WHEN YOU OR SOMEONE YOU KNOW HAS CANCER
Talking about Cancer
For most people, a diagnosis of cancer is a life-changing event commonly evoking feelings of shock, fear, anger, sadness, loneliness and anxiety. Talking about cancer to partners, family members, friends and colleagues can help to alleviate these feelings, and yet many people find it difficult.
In most settings, cancer remains taboo and people with cancer are even subject to stigma and discrimination that may stop them from seeking care.
Negative public perception of cancer can stifle informed public discussion and perpetuate a cycle of fear and misinformation that hinders raising awareness about Cancer prevention and the importance of early detection. Countering cultural barriers against speaking about cancer and contesting misinformation is therefore essential.
Even within highly engaged communities, the level of knowledge of cancer and the willingness to talk about it with friends and family can be low.
There are campaigns that specifically challenge the taboos and embarrassment surrounding some male cancers (prostate, testicular and colorectal cancers) and create awareness of early signs and symptoms.
Cancer care-giving and support
Cancer care-giving can also have an enormous influence on both physical and mental health. Cancer carers – most commonly partners, family members or friends – often receive little information or support, and as a consequence many of them experience emotional distress, leading to depression in some cases.
Providing the right support for the person living with cancer can help them cope and improve their quality of life.
Support groups can provide a caring and supportive environment for people living with cancer to express their feelings and reduce anxiety and fear. They also provide a space to share information about cancer treatment options and their side effects.
Cancer and the Workplace
There is a substantial financial burden associated with cancer patients and their carers both in out-of-pocket expenses and in lost income and benefits.
For both patients and their carers, receiving support in the workplace can be a significant factor. A supportive approach from employers can reduce anxiety and provide the skills and confidence to deal with cancer at work. Making adjustments such as supporting a phased-return to work can be an important factor in getting people back to work successfully. A job can restore normality, routine, stability, social contact and income.
In low resource settings, the costs of cancer can be catastrophic for families, with the high costs of cancer treatment and absence from work, impoverishing families.

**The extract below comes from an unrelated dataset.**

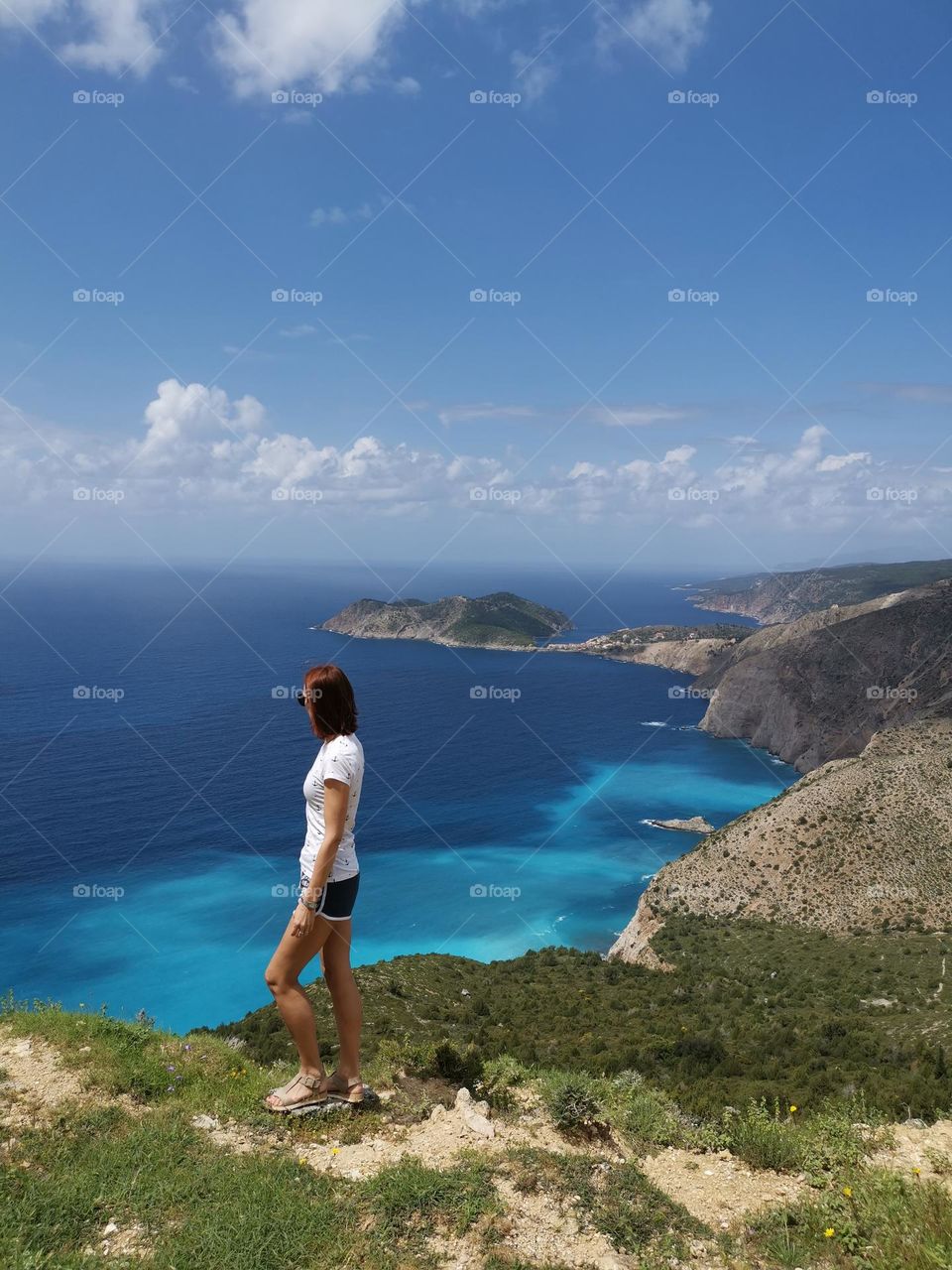 Let's go on a hike. Beautiful Kefalonia, amazing scenery, sunny weather and woman admire the blue sea...Without filters and digital retouching.
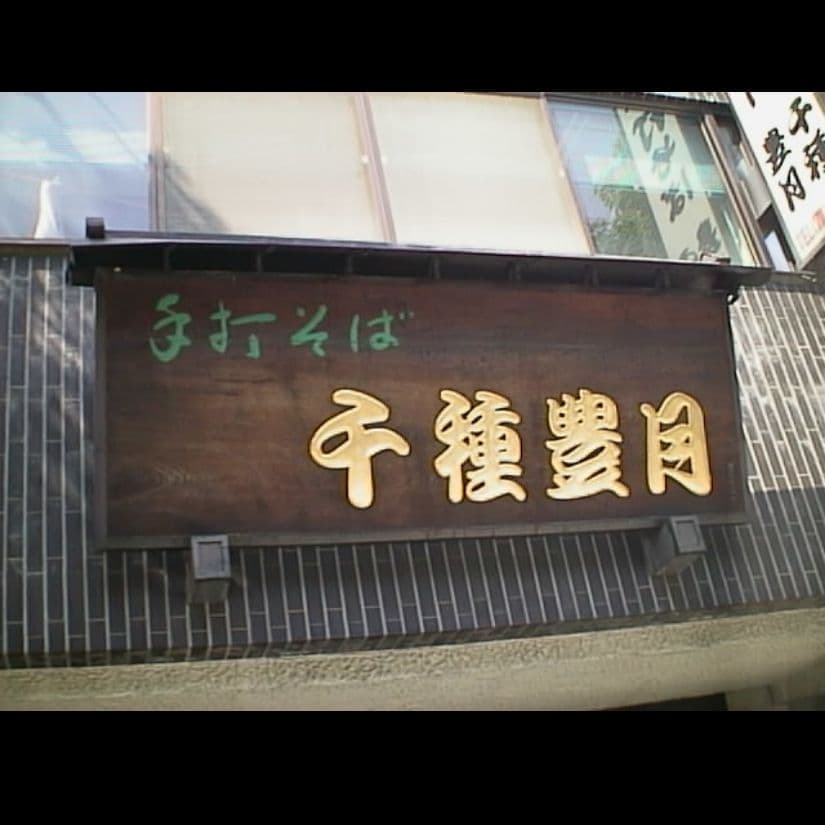壁に取り付けてある木製の板に金色に彫刻した文字が老舗のそばの名店の看板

Cancer, Body Image and Sexual Wellbeing
The impact on sexual well-being is, for many, one of the most devastating consequences of a cancer diagnosis.
Issues of body image and sexuality can have a significant impact on partner relationships and in some cases can be the cause of partner rejection. These issues are not restricted to women. Men facing cancer, particularly prostate and testicular cancer, also face issues around self-esteem and sexual intimacy as well.
Talking about cancer can help to challenge negative beliefs, attitudes and behaviors that perpetuate myths, cause fear and stigma, and prevent people from seeking early detection and treatment.
Governments, communities, employers and media all have a role to play in changing perceptions about cancer to create a culture where the physical and mental health and wellbeing of cancer survivors and their carers are addressed and people are empowered to access quality cancer prevention and care.
1st appeared on WCA Web site day 2014.